Written by Pulp Hot Sauce Owner Nicholas Gregory

I grew up in Kansas so spicy food wasn’t a readily available option. Mild salsa and jalapenos were about as hot as my family dared. It wasn’t until a little later in life (around middle school) when I was exposed to chilies and different hot peppers.

I was good friends with a Chinese kid who would walk to his parent’s restaurant every day after school. My dad worked construction and wasn’t always able to pick me up after school, so I would walk with him. That is when I was exposed to a whole different world of food, peppers being one of them.

I didn’t start making hot sauce until I started farming. Before then, I had made salsa in culinary school but hadn’t really dabbled in hot sauce.

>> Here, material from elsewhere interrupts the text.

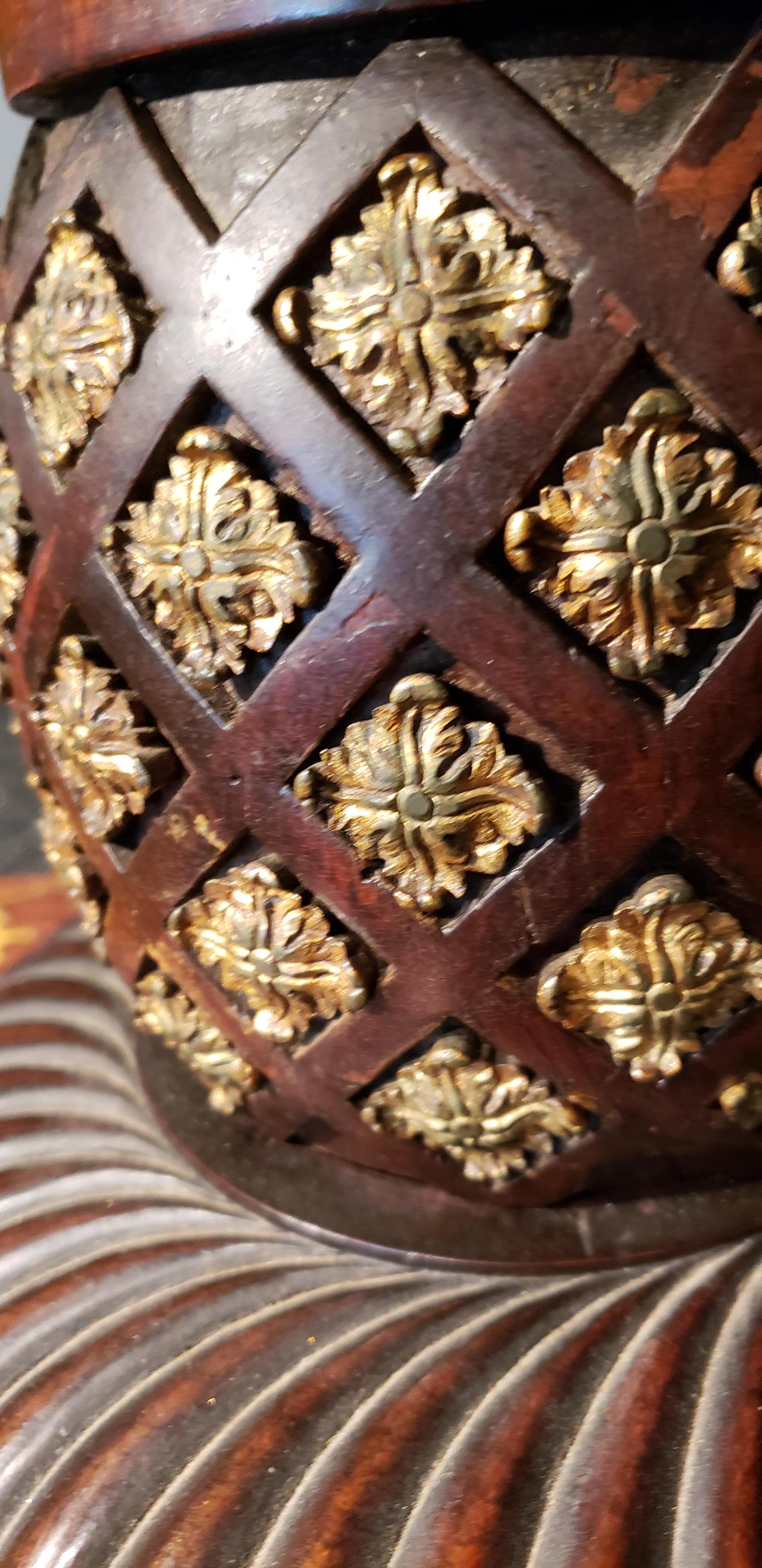 Table à plateau basculant en bois de rose et laiton de la période Régence anglaise en vente 6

I had a farmer’s market stand in Topeka, Kansas for a little over four years.

I started growing hot peppers because I liked them and you never know, maybe someone else would like them, but then again, it’s Kansas. A couple of gentlemen came up to my stand and bought out all my peppers on a weekly basis and wanted me to grow more each season. I asked them what they were doing with all of these chilies and they said, “We’re making hot sauce” so I started looking into making hot sauce.

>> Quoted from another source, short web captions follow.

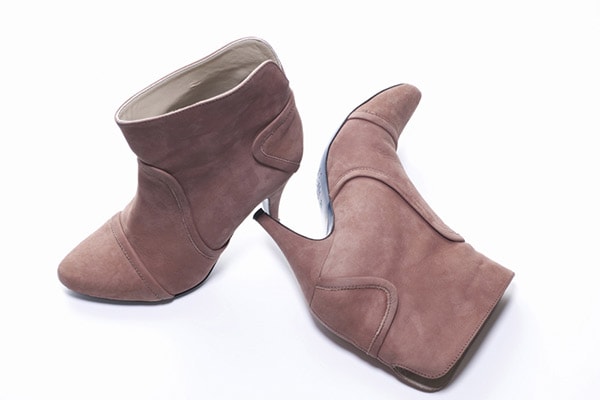 やっぱり歩きやすさ重視!?ママたちの靴事情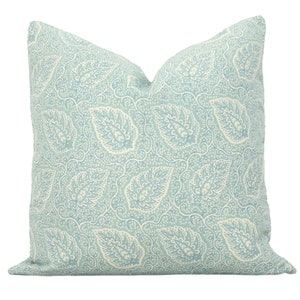 Dekoracyjna poszewka na poduszkę Sister Parish Island Blue Oldwick Paisley Pillow Cover, wykonana na zamówienie jako kwadratowa lub lędźwiowa poszewka na poduszkę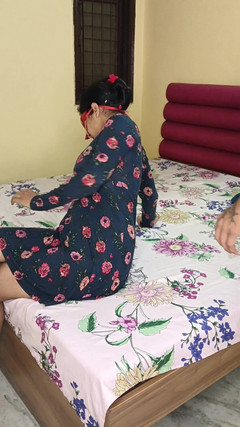 lust of milf: На поводу уговора мускулистого страдания, доктор был вызван домой и поцеловал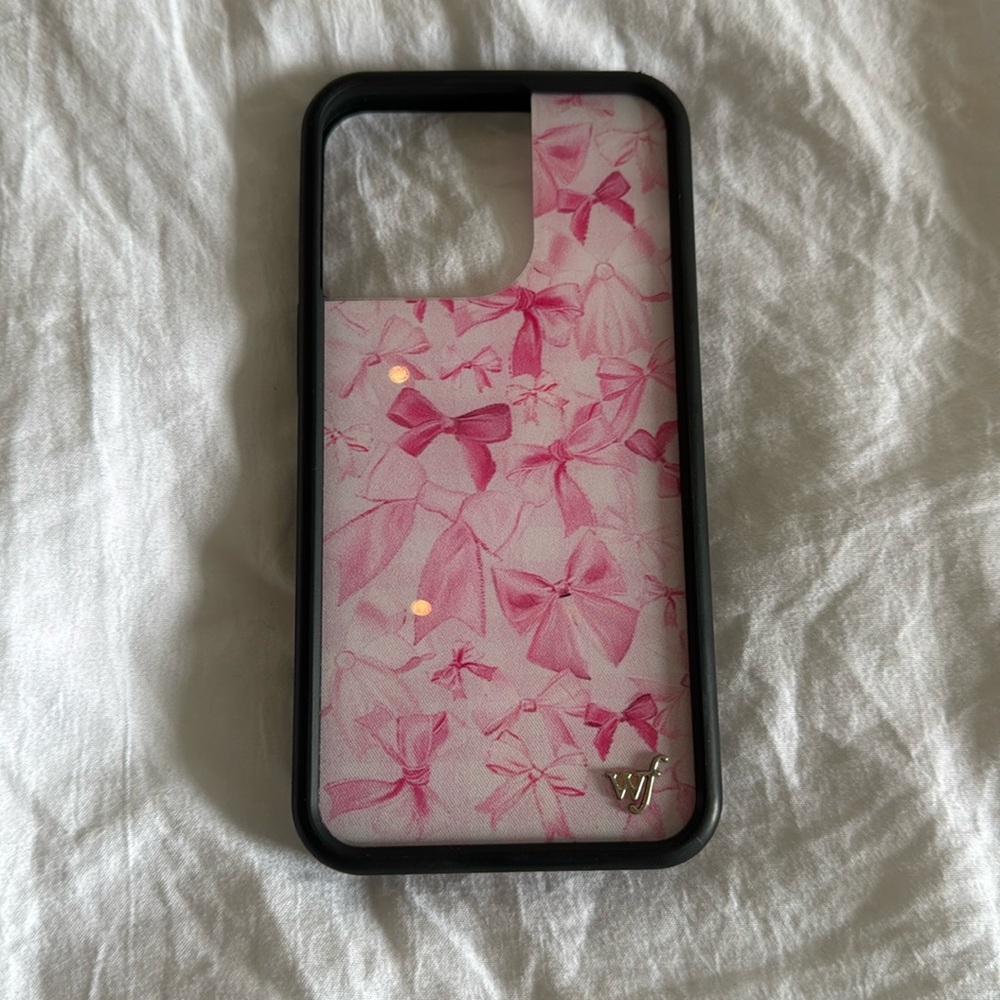 bow beau (wildflower case) - iPhone 13 pro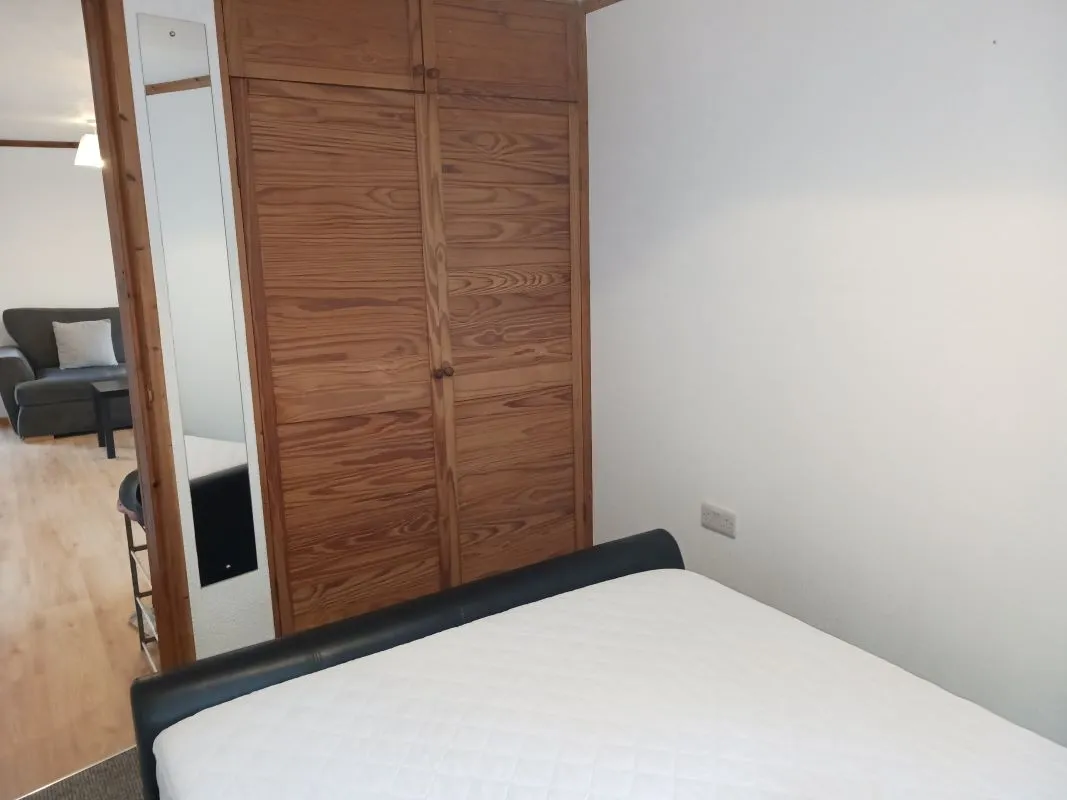 Freehold Vacant Detached Three Bedroom Chalet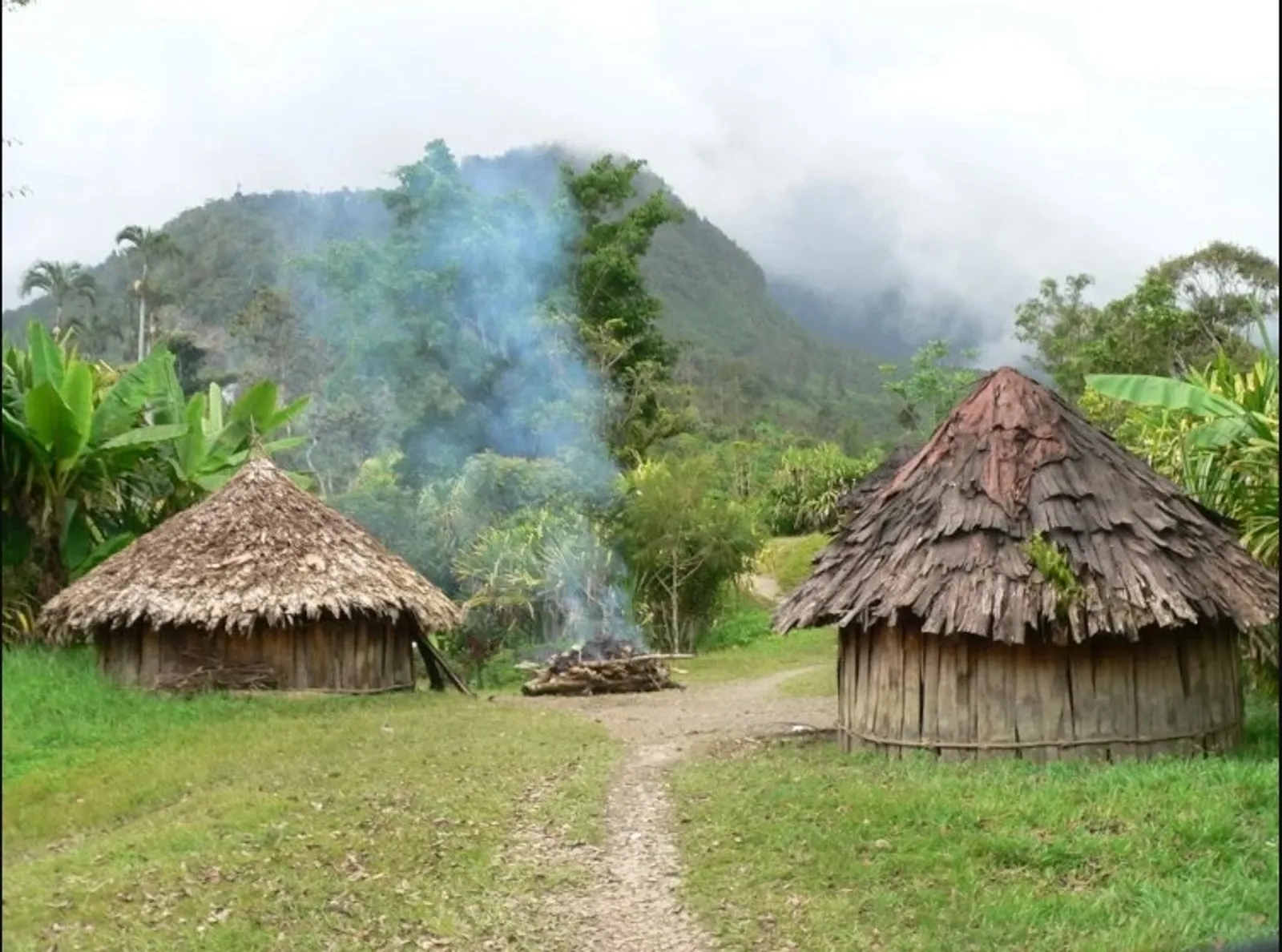 9 Macam Rumah Adat Papua, Sederhana dan Sarat Fungsi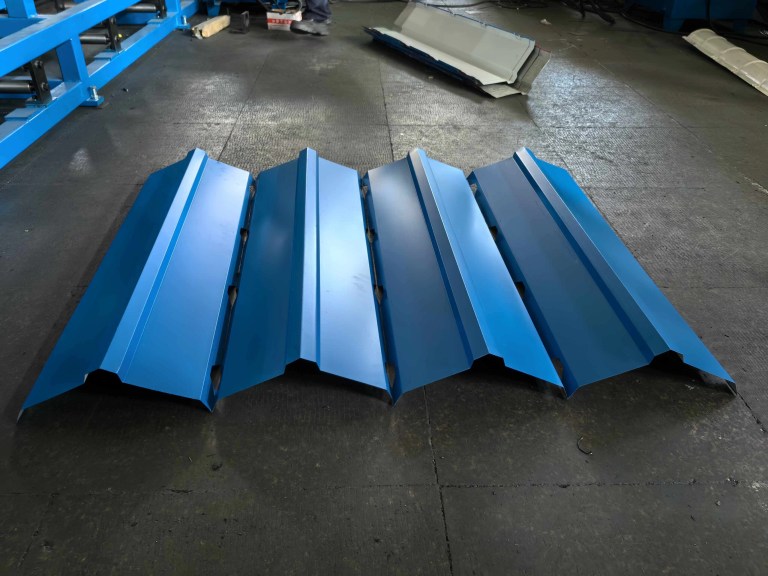 Amostra de cumeeira metálica ondulada com bordas lisas e revestimento durável, projetada para proteção do topo do telhado metálico.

We started sharing recipes and techniques and even seeds. It was a great little community. I was taking some time off from a horrible experience helping someone open a restaurant and one day my wife asked me “What are you going to do next?”  I said, “I want to sell my hot sauce.”

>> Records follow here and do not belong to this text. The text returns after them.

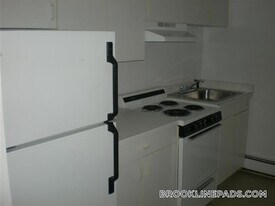 1223 Beacon St, Unit 115 in Brookline, MA - Building Photo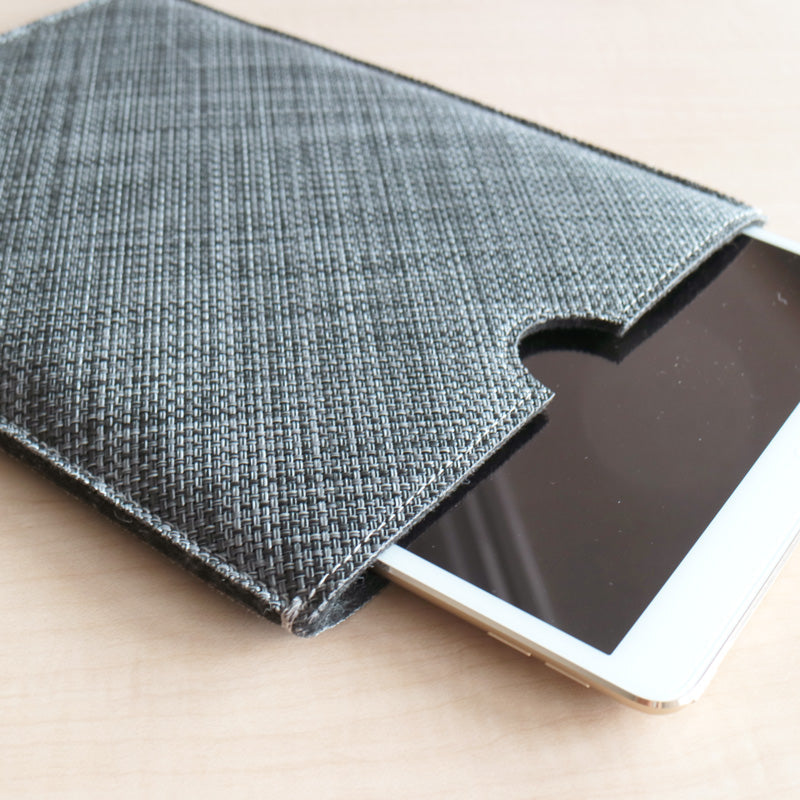 【 在庫限り SALE 50%OFF 】 チルウィッチ Tech Sleeves タブレットケース M ミニバスケットウィーブ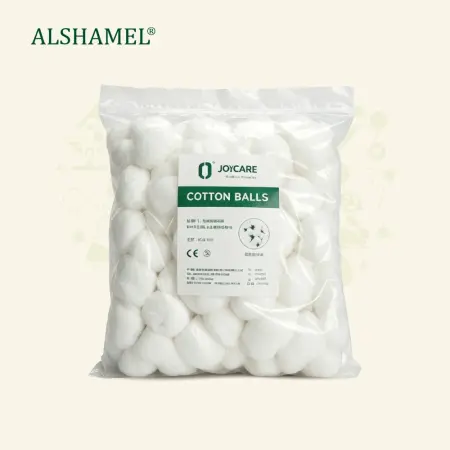 كرات قطنية بيضاء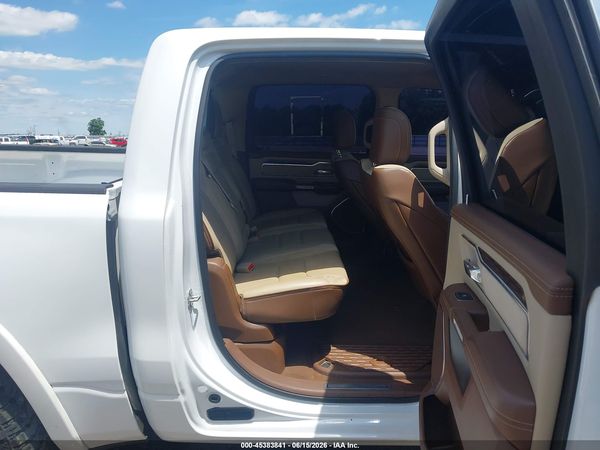2019 RAM 1500 LARAMIE  4X4 5'7 BOX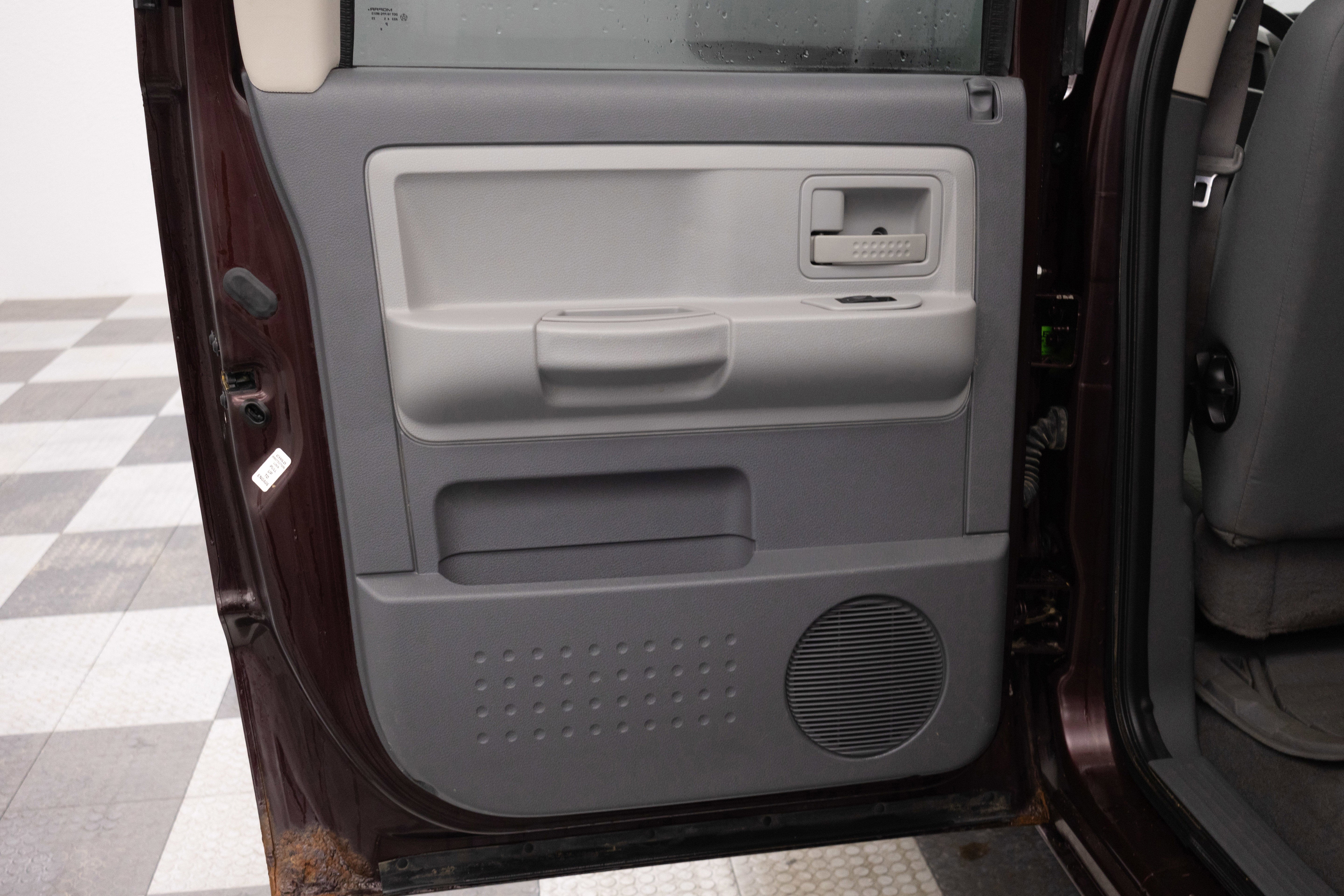 2005 Dodge Dakota SLT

We often have a family dinner at one house in our friend group, so I used them as guinea pigs by making batches with different peppers and getting their feedback. I used that time to narrow it down to four flavors.

My next step was to find a commercial kitchen where I could produce my sauce. My wife was talking with a friend of hers and during the conversation, she said that her husband had a kitchen in the middle of his artist collective that wasn’t being used. The place used to be an old event space and the kitchen hadn’t been used for more than storage since then. I went and looked at it, and it was perfect. It even had a hood vent system. I just had to get it inspected.

After a few weeks of work and initial inspections, we were in business. Just in time too because my wife was getting tired of the lingering fermented chili aroma in the house. I got incorporated and started buying equipment.

I hired a graphic designer for labels, sourced bottles and started producing. My sauce is a little different than most being fermented, but I’m sure I have a similar story to most hot sauce entrepreneurs.

I have been making the sauce for about six or seven years, so I had the recipes down and knew the process. However, I wasn’t positive the sauce would scale. I mean in theory it would, but what if it didn’t and it just grew mold and I wasted a bunch of money. Luckily my first batch came out great. The only adjustment I had to make was the temperature. I purchased a seed starting mat and raised the ambient temperature to aid the fermentation.

Other than that, my only growing pains have been selling the sauce, educating people of my type of sauce and scaling for production. I use a meat grinder to make my “mash” and I use homebrew equipment for the fermentation process. Then I use a juicer to extract the pulp and separate out the seeds and skins.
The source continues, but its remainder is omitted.